Fall is not my favorite season (Spring, or Summer... definitely not winter!), but so many things about it are favorites:
New clothes... I always lived and died by my back to school outfit, and it’s a tradition I still keep, something special to wear that first day back from labor day, or the long summer vacation... this year a new Ulla Johnson dress with an old pair of jeans I can (finally) wear again (I love Bikram).
Often, a new haircut although, really, it’s always about my latest take of David Bowie’s haircut on the cover of Low...


Checking in on goals that I never really set until February, at the dawn of Spring, and reviewing my life list, and adjusting the budget.

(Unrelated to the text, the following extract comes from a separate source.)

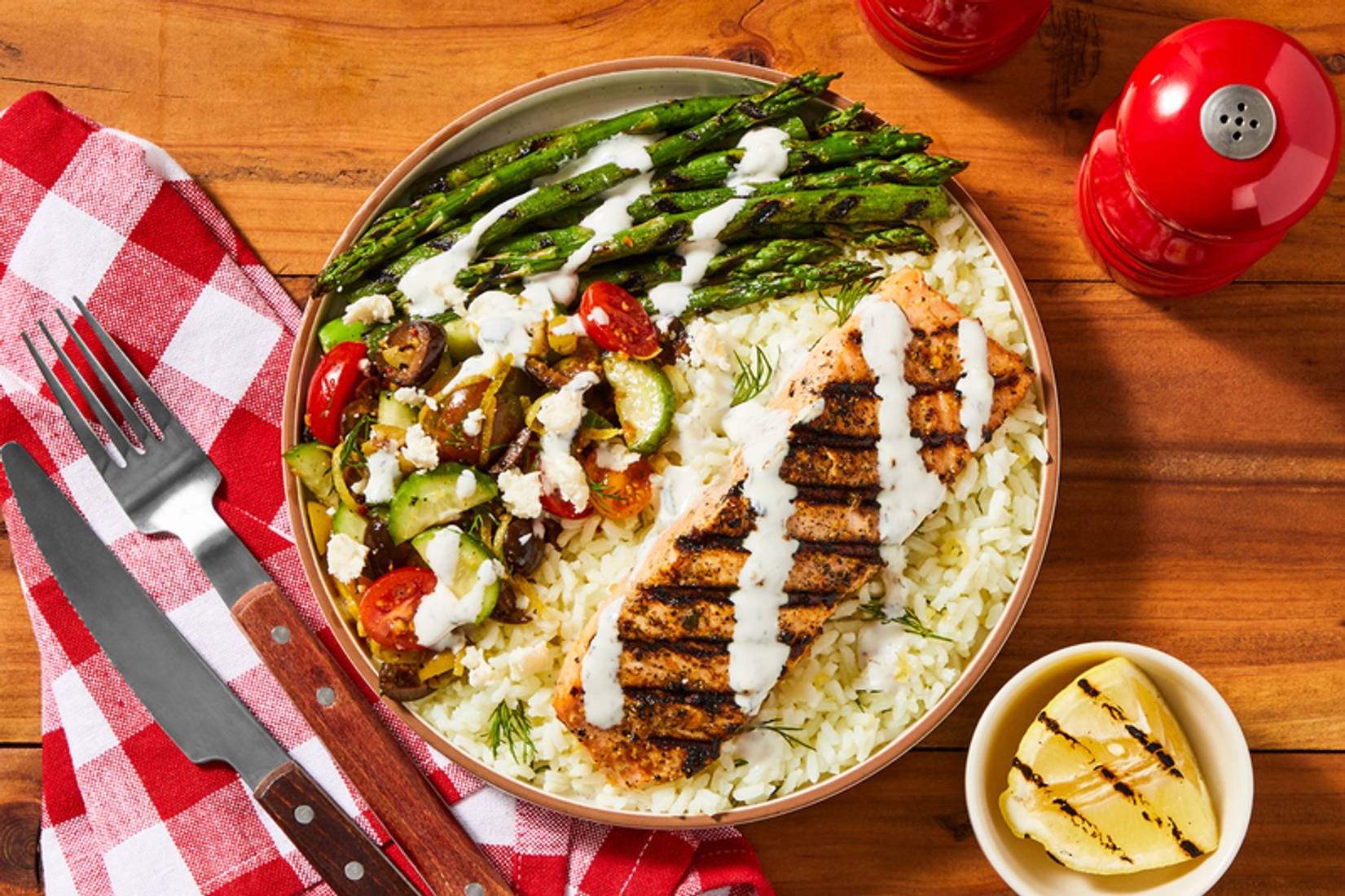 Saumon grillé à la méditerranéenne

Fall food is my favorite, an opportunity for big complex flavors, but it’s not cold, and it’s not all root vegetables yet, and it’s not so hot that I can’t stand to cook. Chili, Roast Pork, French Meatloaf, Espresso Cashew Bars, Lasagne, bliss.

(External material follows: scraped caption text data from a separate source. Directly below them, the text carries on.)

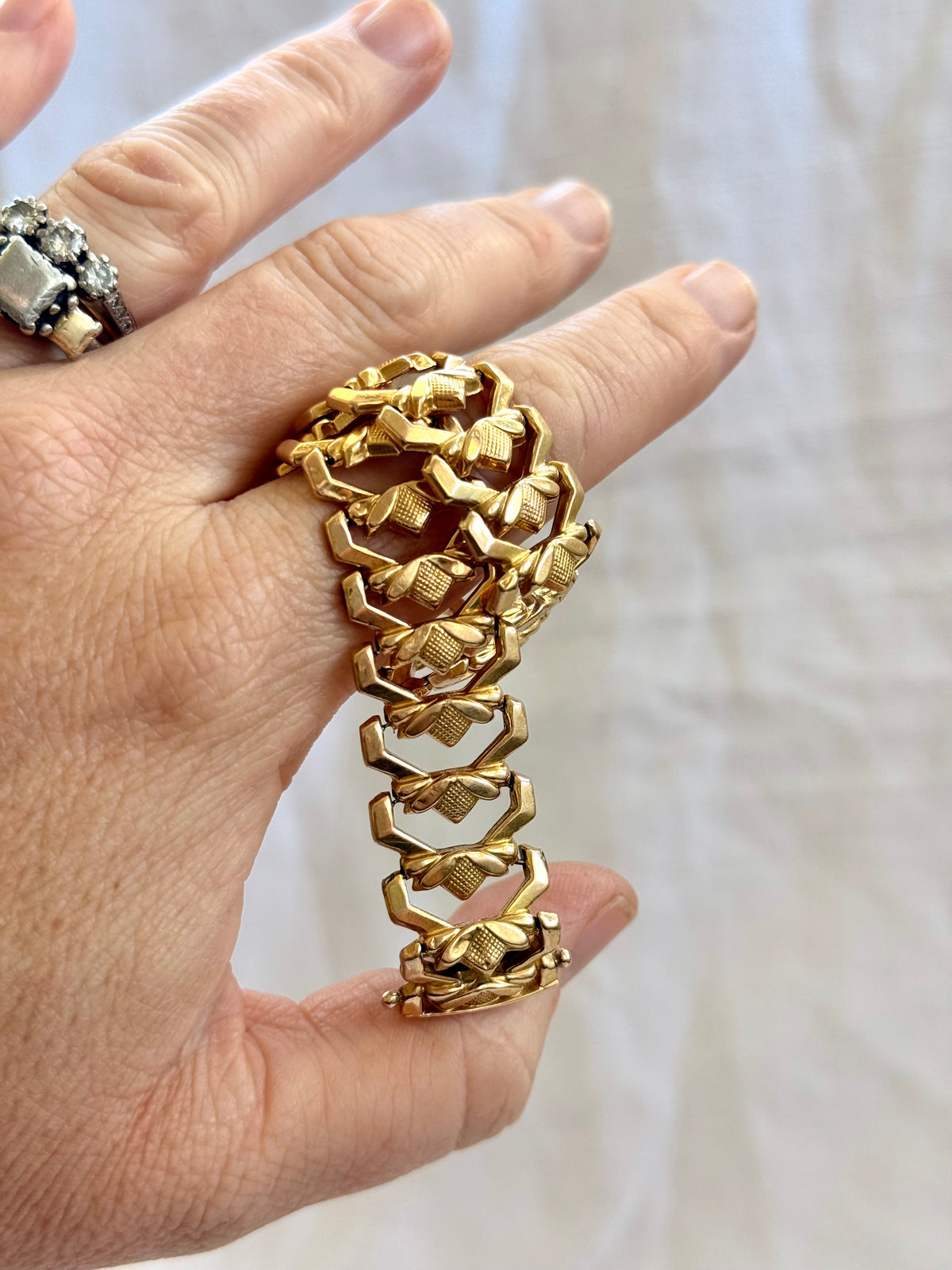 .18ct .750 Polish high carat gold geometric floral form Lotus form segment link luxury gold bracelet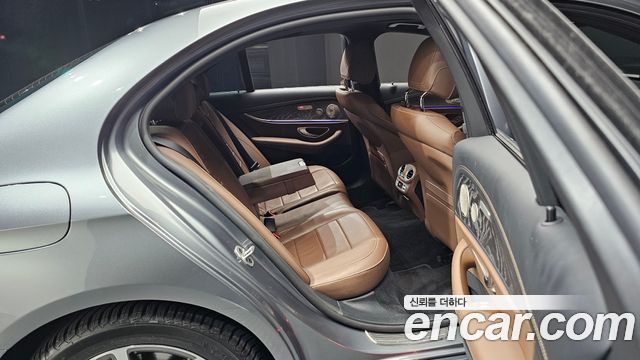 Mercedes-Benz E-Class E350 4MATIC Avantgarde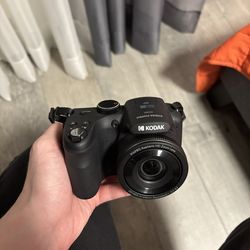 Camera Kodak Pixpro Az255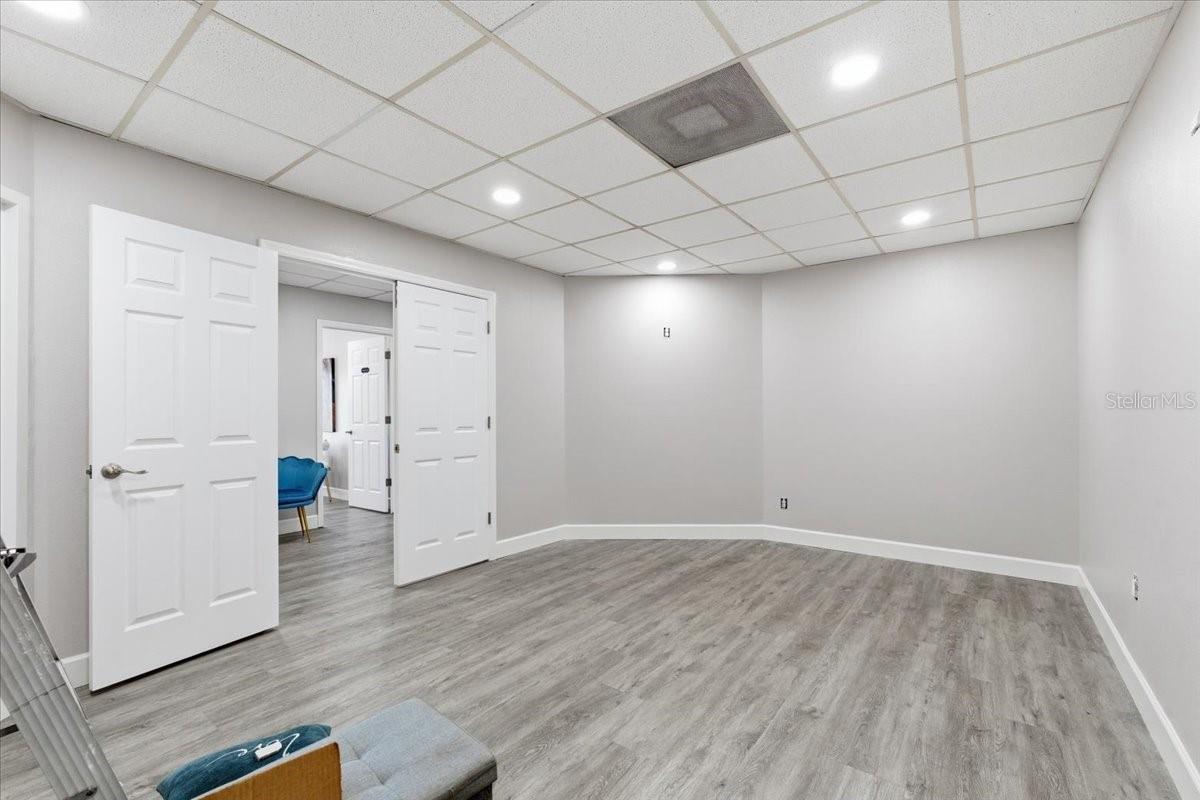 Image 34 of 98 For 7 Florida Park Drive N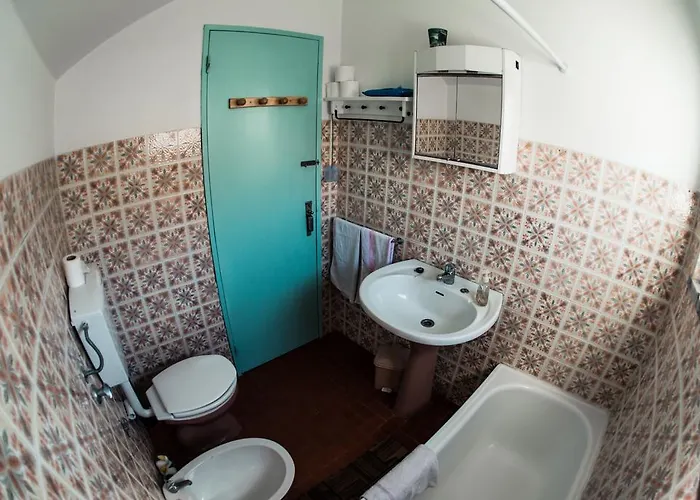 بيت شباب Native Surfhouse *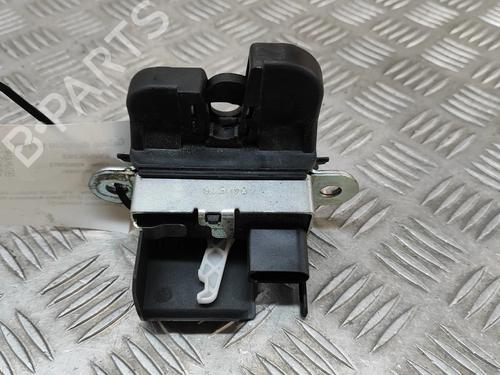 Used Tailgate lock VW GOLF VII (5G1, BQ1, BE1, BE2) e-Golf (115 hp) 25616132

But having a child, a family, has changed some of this. It’s made me a little more conscious of the rhythms of nature, it’s helped me slow down and open my eyes to the change in the air, which is a little subtler here in our marine-layer-blanketed city on the west coast. Really, September is still summer for us. And yet it’s bittersweet, a short summer.

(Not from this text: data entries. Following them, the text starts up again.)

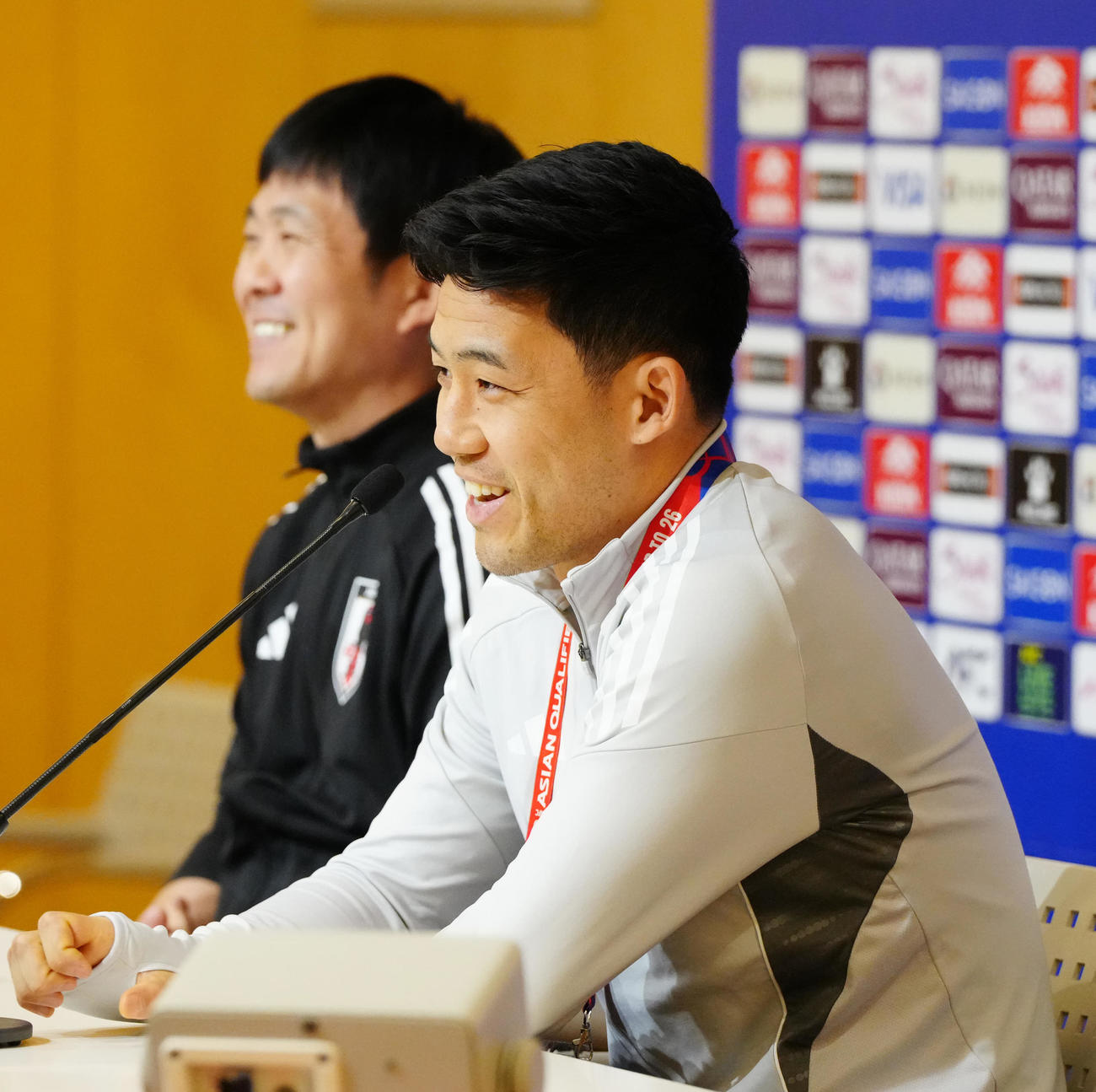 バーレーン戦の前日会見で笑顔を見せる遠藤。後方は森保監督（撮影・江口和貴）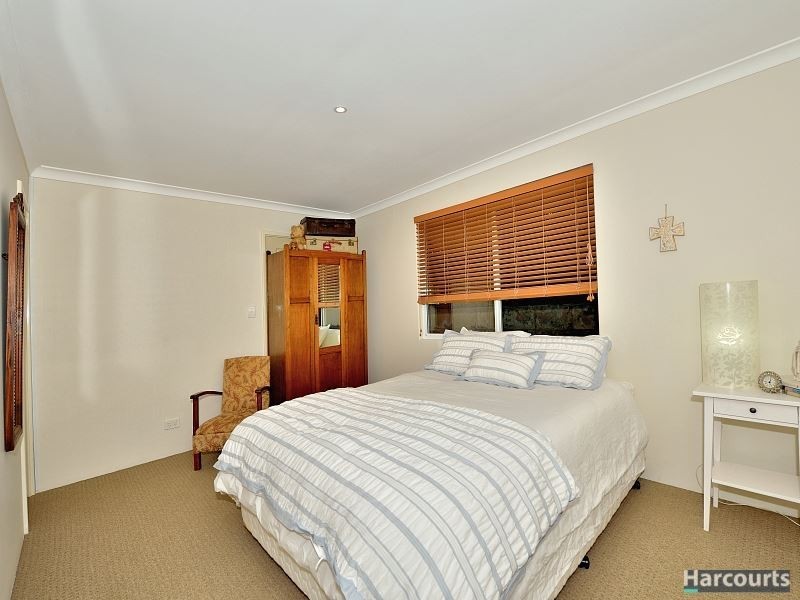 1 Spyglass Rise, Halls Head WA 6210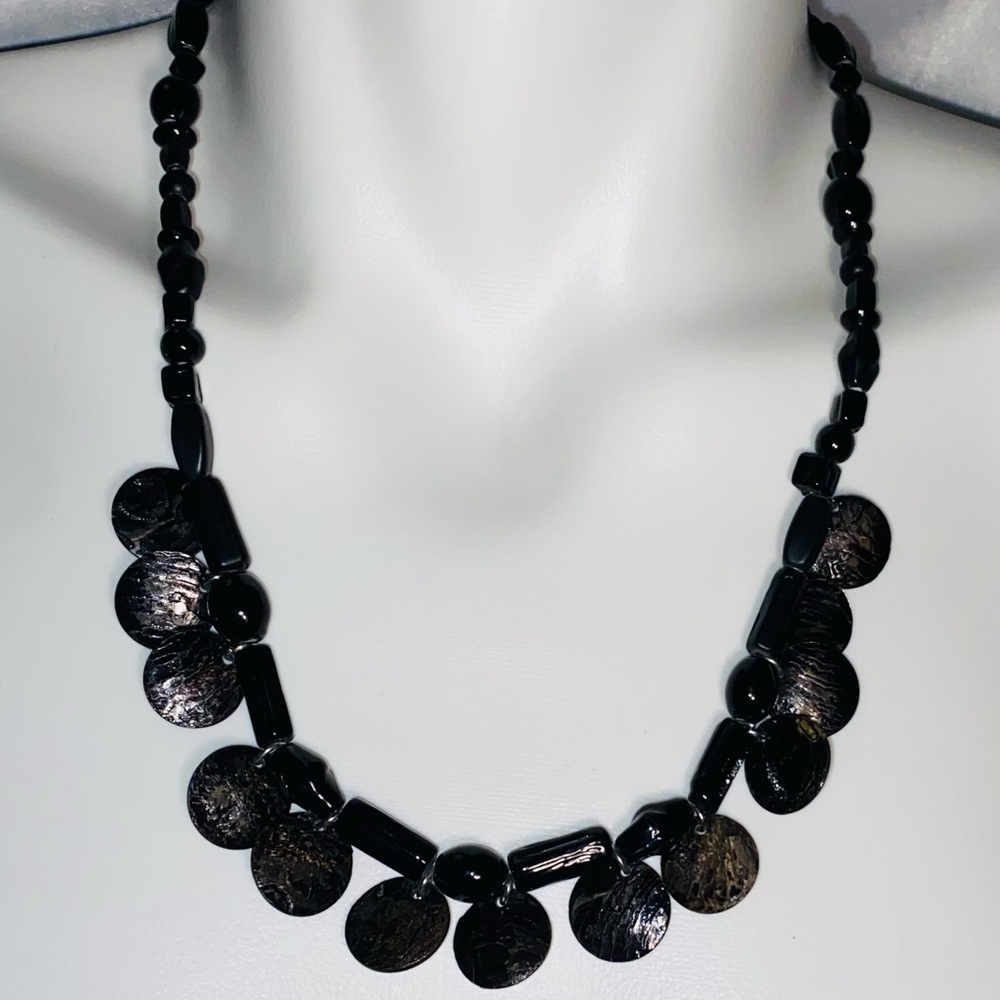 Elegant Black Beaded Necklace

Next month, October, is a big time for commemoration here: day of the dead, halloween, Cleanup day at the AIDS Memorial Grove, the names read out on All Saints Sunday. This October I think we’ll take J to Mission Dolores, too, his first visit... and perhaps a historic walk around the neighborhood.

November brings my birthday, and of course Thanksgiving, but my favorite thing about the month is the Beaujolais Noveau, so yummy and so fun. This year I think we’ll drive up to wine country here, for the harvest celebration at our CSA farm.




We spent today on our annual fall hike (it’s too hot for me to hike in the summer, I am too fair and get sunstroke easily), and next week we’ll set off for the Monarch preserve and the migrating butterflies... something I’ve wanted to do ever since I read Dear Mr. Henshaw. I don’t know why I couldn’t go until I had J as an “excuse”, but I am grateful to have one.


 And an excuse to buy little boy back to school clothes, an excuse for looking for the harvest moon, for planning a camping trip, for slowing down and enjoying the seasons-- as different as they may be here from anywhere else, wherever we are.